>>

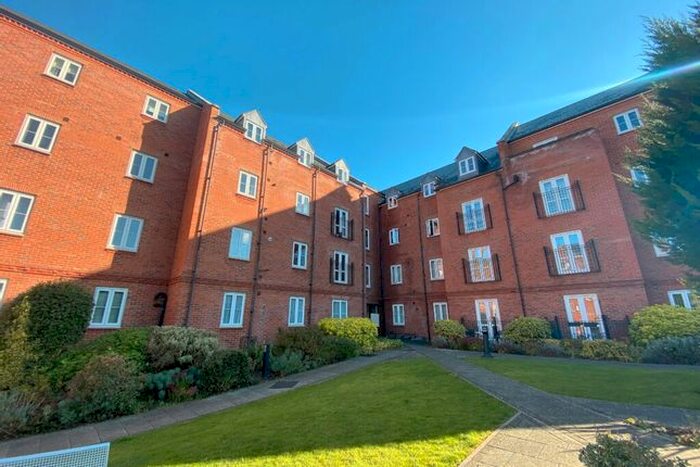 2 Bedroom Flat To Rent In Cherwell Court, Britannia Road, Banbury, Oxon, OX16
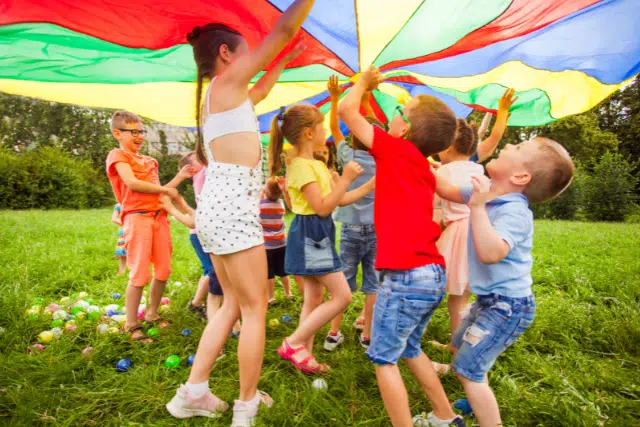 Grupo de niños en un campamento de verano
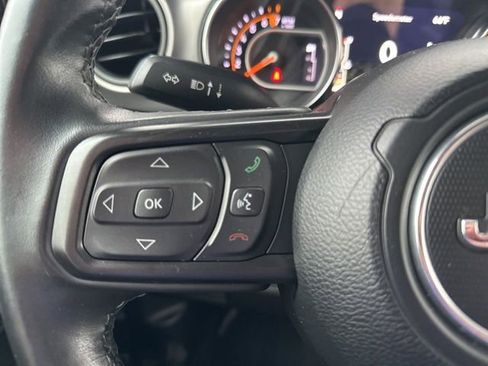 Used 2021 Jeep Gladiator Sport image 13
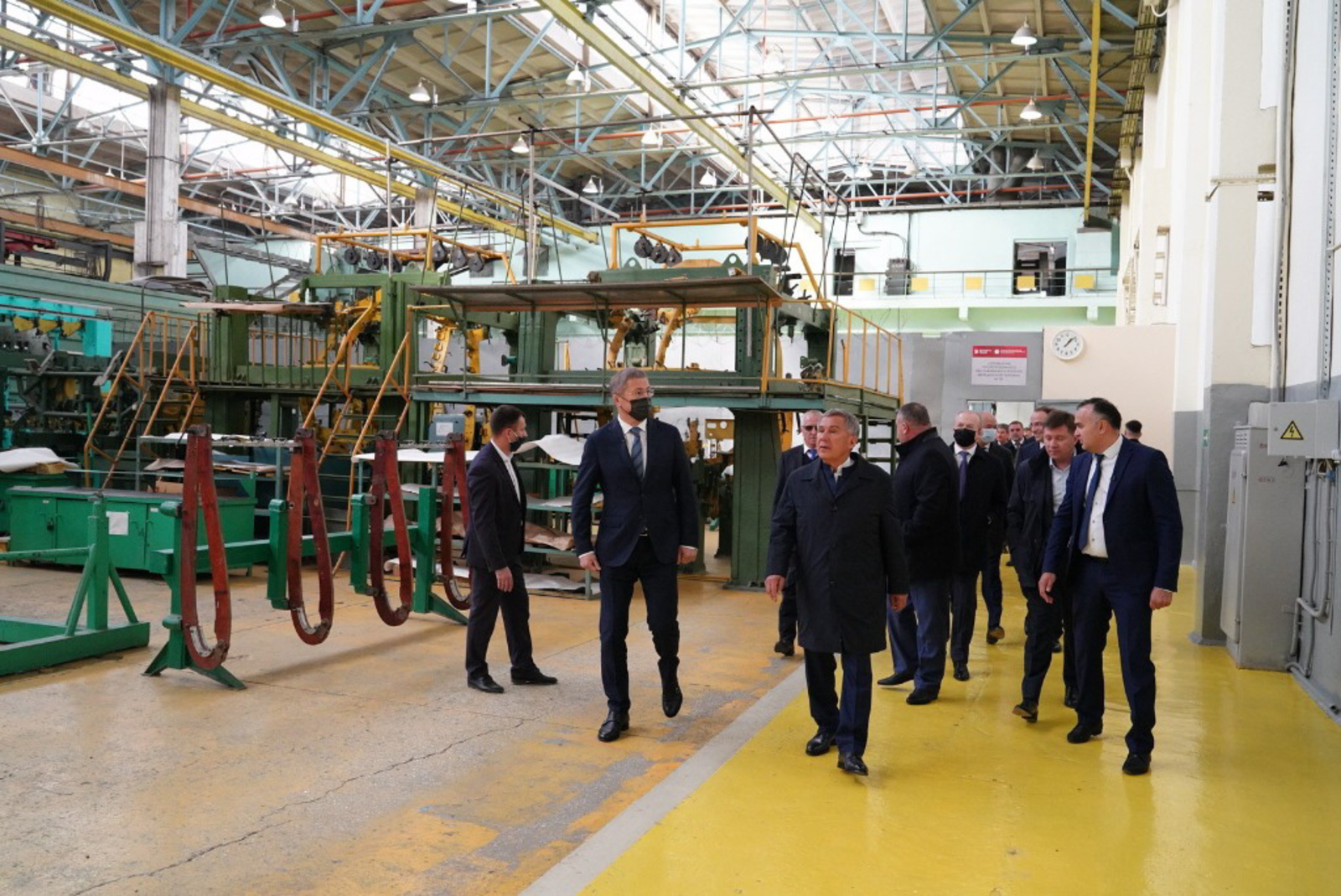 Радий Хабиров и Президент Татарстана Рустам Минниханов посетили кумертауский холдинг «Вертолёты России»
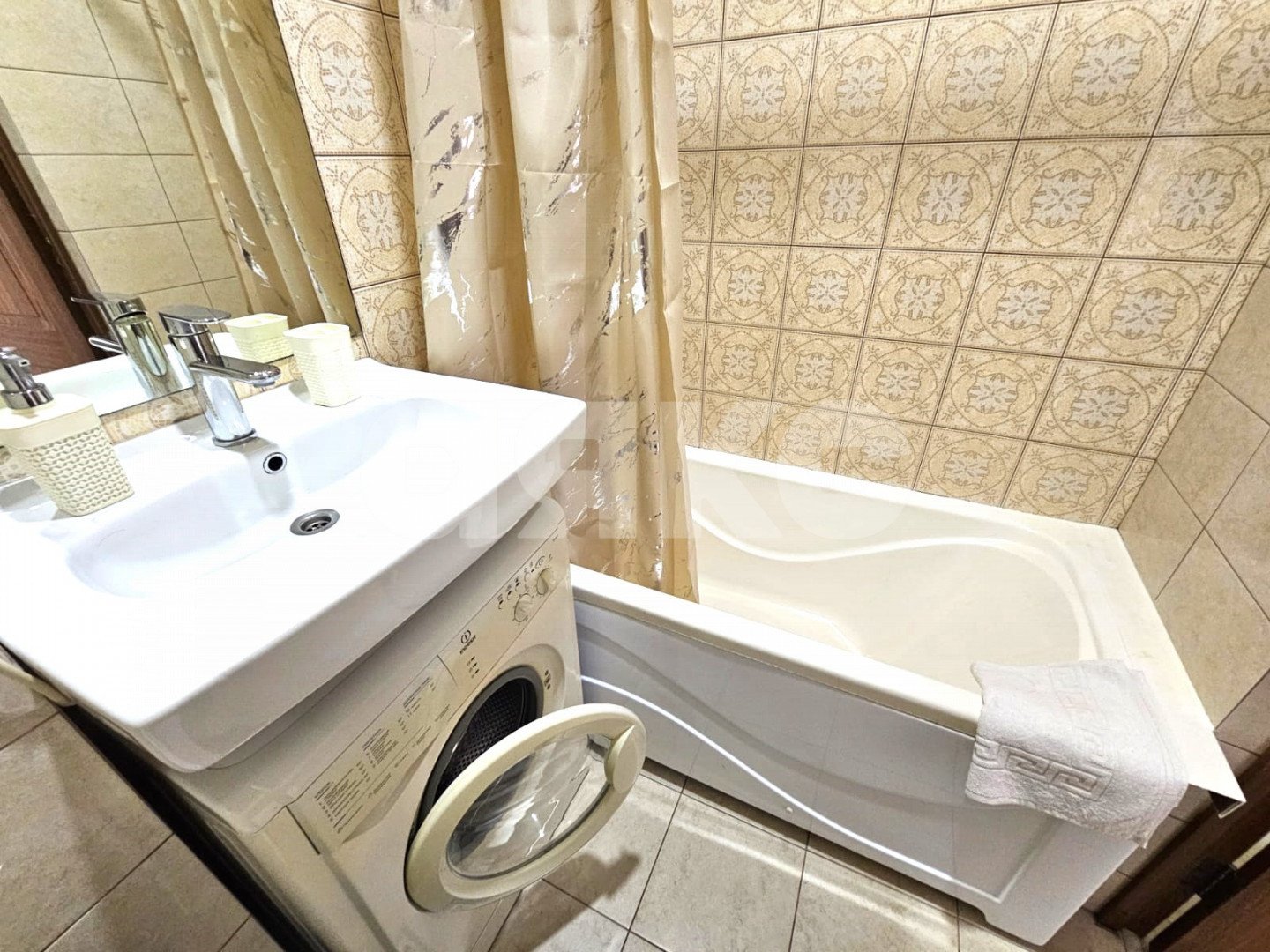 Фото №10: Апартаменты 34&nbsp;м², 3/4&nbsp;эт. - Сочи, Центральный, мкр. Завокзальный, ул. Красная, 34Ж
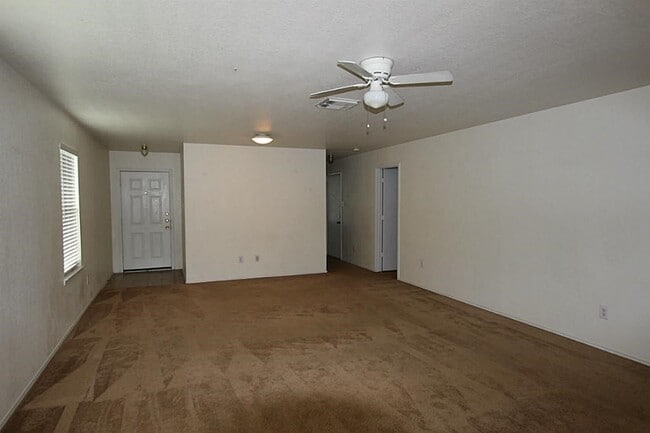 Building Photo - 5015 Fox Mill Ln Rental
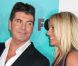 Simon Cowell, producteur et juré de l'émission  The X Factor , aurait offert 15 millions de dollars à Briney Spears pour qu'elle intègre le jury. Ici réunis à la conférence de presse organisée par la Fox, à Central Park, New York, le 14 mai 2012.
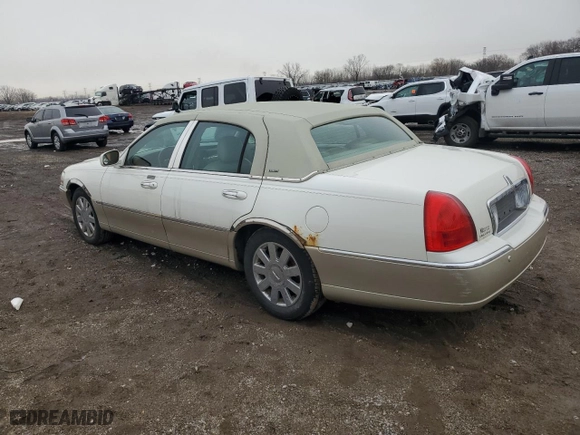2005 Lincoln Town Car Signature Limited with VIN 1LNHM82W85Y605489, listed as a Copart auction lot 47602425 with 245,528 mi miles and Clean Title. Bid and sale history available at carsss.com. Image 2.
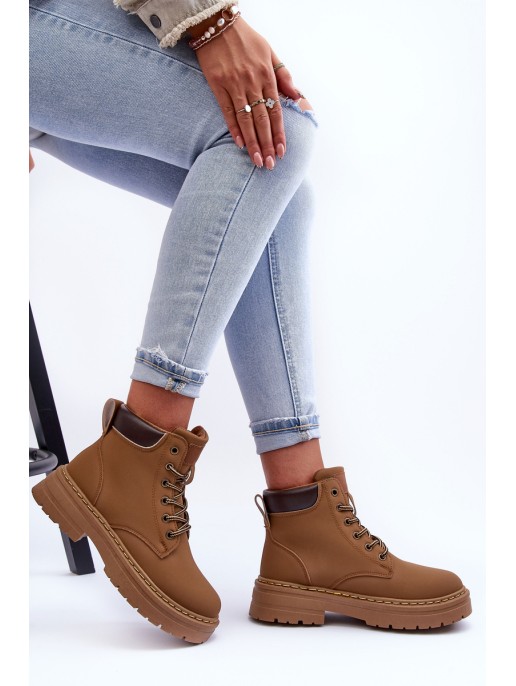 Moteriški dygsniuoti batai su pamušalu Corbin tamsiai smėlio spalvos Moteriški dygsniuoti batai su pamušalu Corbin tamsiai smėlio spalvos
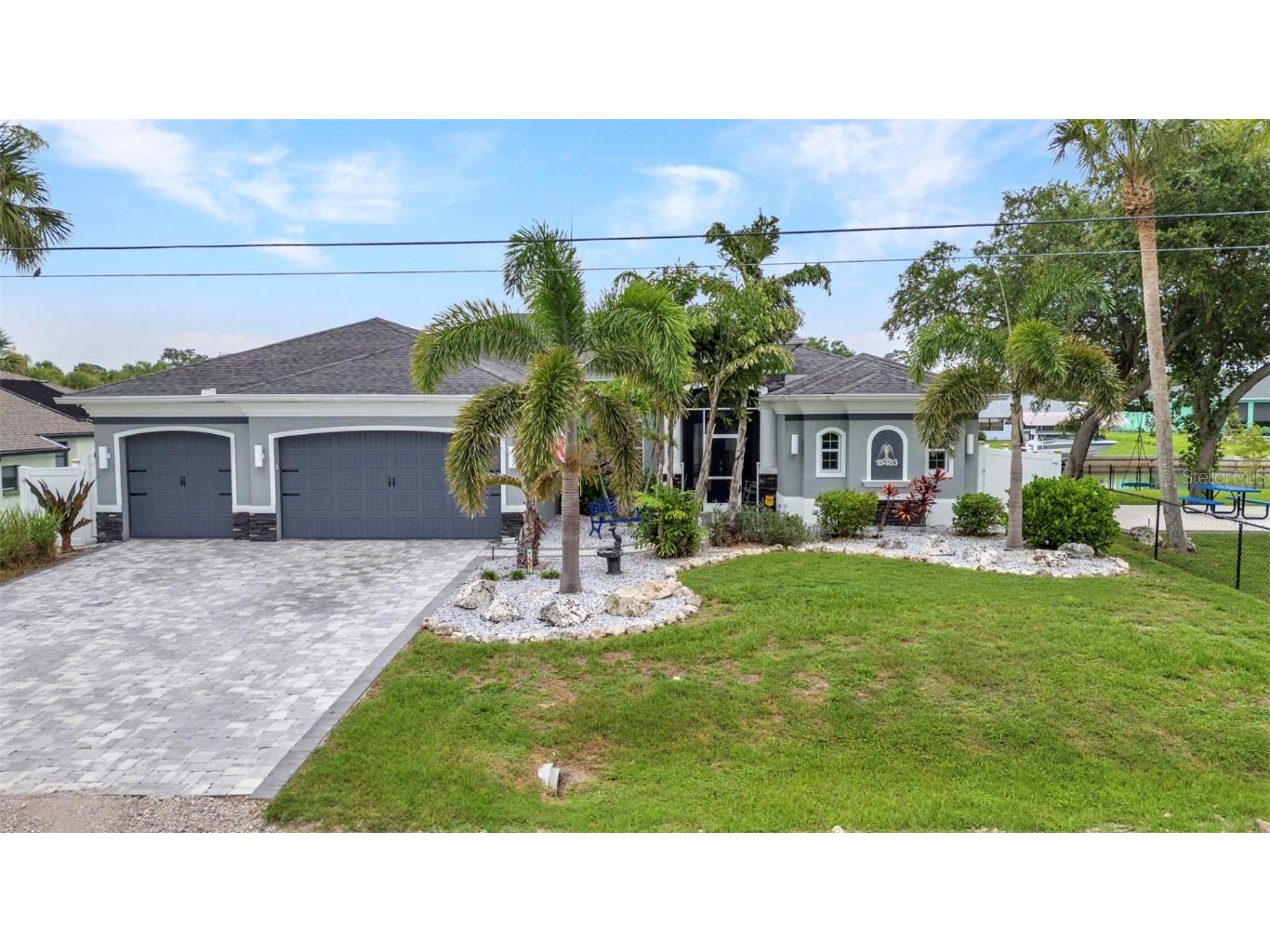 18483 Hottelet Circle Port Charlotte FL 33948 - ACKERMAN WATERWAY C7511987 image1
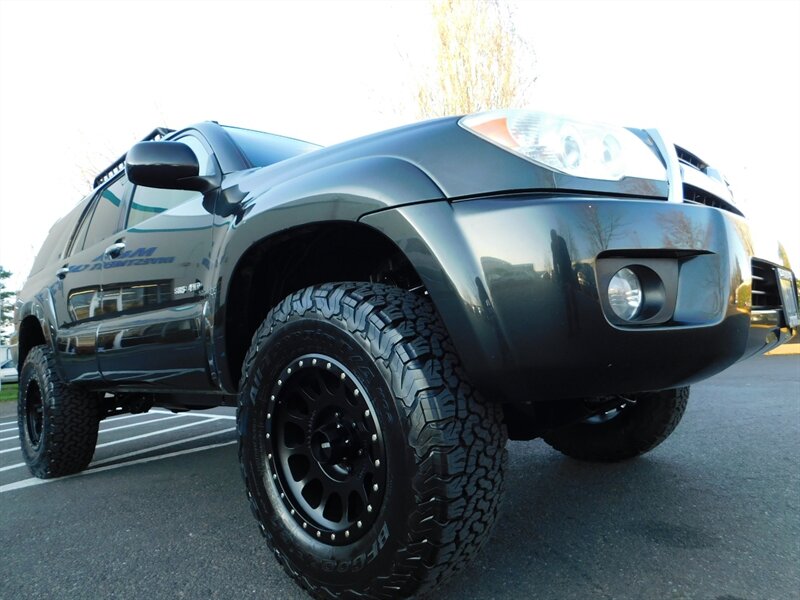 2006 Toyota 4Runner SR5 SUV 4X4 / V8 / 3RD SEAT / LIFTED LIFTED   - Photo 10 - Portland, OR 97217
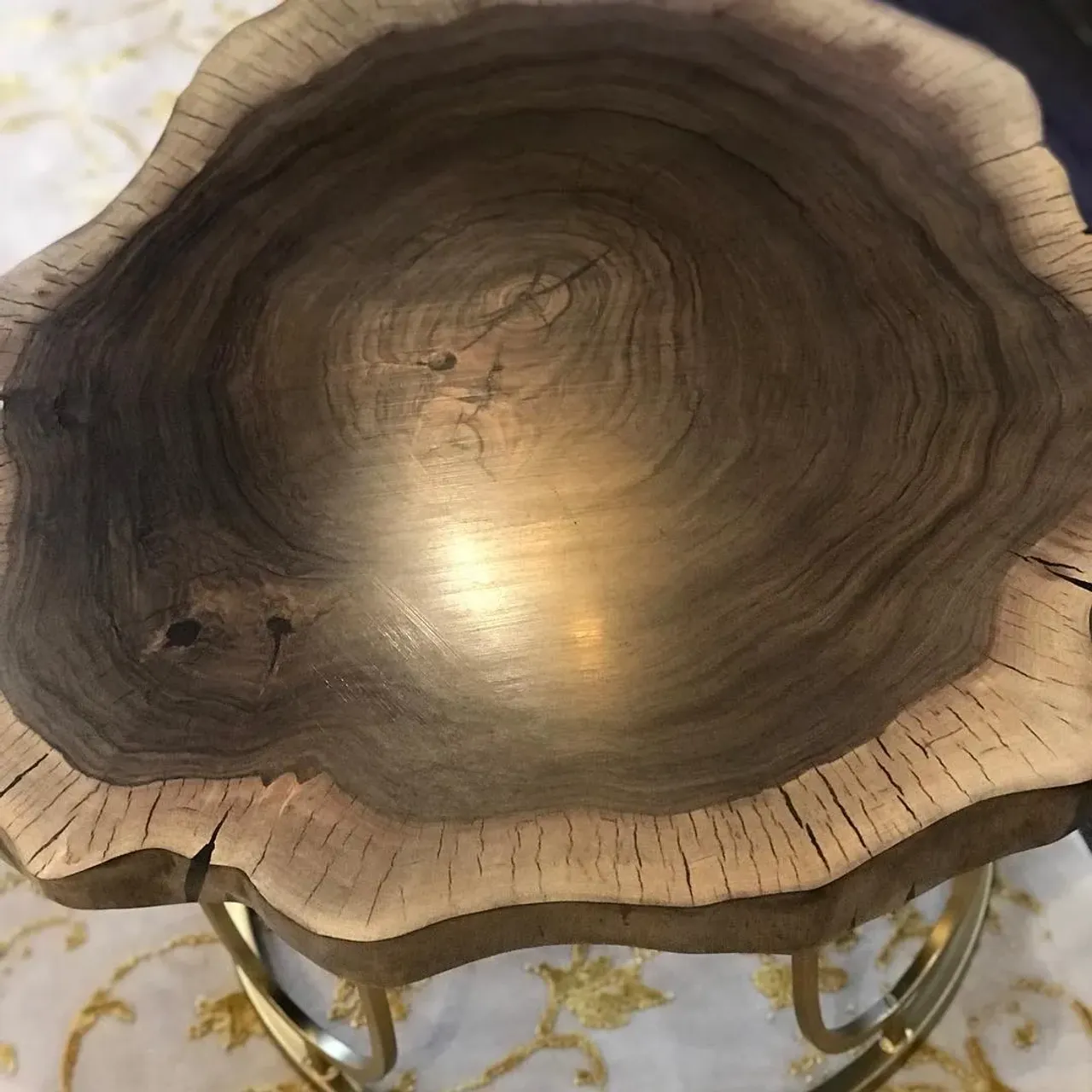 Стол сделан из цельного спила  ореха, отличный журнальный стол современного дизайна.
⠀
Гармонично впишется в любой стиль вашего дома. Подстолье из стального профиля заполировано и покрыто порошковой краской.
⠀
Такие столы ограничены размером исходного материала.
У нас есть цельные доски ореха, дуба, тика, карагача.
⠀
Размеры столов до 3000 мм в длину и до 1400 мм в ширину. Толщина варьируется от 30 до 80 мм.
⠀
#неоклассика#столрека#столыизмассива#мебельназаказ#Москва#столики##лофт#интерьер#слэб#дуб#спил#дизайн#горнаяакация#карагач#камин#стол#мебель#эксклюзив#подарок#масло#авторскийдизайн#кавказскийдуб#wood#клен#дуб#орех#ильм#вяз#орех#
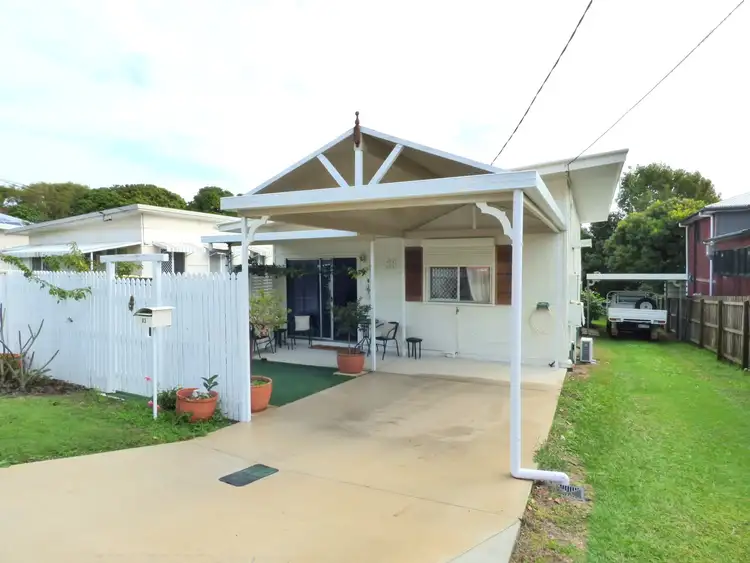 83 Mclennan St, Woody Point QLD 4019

<<

Set down the entries shown above once more, exactly as they read, but without pictures.

 2 Bedroom Flat To Rent In Cherwell Court, Britannia Road, Banbury, Oxon, OX16
 Grupo de niños en un campamento de verano
 Used 2021 Jeep Gladiator Sport image 13
 Радий Хабиров и Президент Татарстана Рустам Минниханов посетили кумертауский холдинг «Вертолёты России»
 Фото №10: Апартаменты 34&nbsp;м², 3/4&nbsp;эт. - Сочи, Центральный, мкр. Завокзальный, ул. Красная, 34Ж
 Building Photo - 5015 Fox Mill Ln Rental
 Simon Cowell, producteur et juré de l'émission  The X Factor , aurait offert 15 millions de dollars à Briney Spears pour qu'elle intègre le jury. Ici réunis à la conférence de presse organisée par la Fox, à Central Park, New York, le 14 mai 2012.
2005 Lincoln Town Car Signature Limited with VIN 1LNHM82W85Y605489, listed as a Copart auction lot 47602425 with 245,528 mi miles and Clean Title. Bid and sale history available at carsss.com. Image 2.
 Moteriški dygsniuoti batai su pamušalu Corbin tamsiai smėlio spalvos Moteriški dygsniuoti batai su pamušalu Corbin tamsiai smėlio spalvos
 18483 Hottelet Circle Port Charlotte FL 33948 - ACKERMAN WATERWAY C7511987 image1
 2006 Toyota 4Runner SR5 SUV 4X4 / V8 / 3RD SEAT / LIFTED LIFTED   - Photo 10 - Portland, OR 97217
 Стол сделан из цельного спила  ореха, отличный журнальный стол современного дизайна.
⠀
Гармонично впишется в любой стиль вашего дома. Подстолье из стального профиля заполировано и покрыто порошковой краской.
⠀
Такие столы ограничены размером исходного материала.
У нас есть цельные доски ореха, дуба, тика, карагача.
⠀
Размеры столов до 3000 мм в длину и до 1400 мм в ширину. Толщина варьируется от 30 до 80 мм.
⠀
#неоклассика#столрека#столыизмассива#мебельназаказ#Москва#столики##лофт#интерьер#слэб#дуб#спил#дизайн#горнаяакация#карагач#камин#стол#мебель#эксклюзив#подарок#масло#авторскийдизайн#кавказскийдуб#wood#клен#дуб#орех#ильм#вяз#орех#
 83 Mclennan St, Woody Point QLD 4019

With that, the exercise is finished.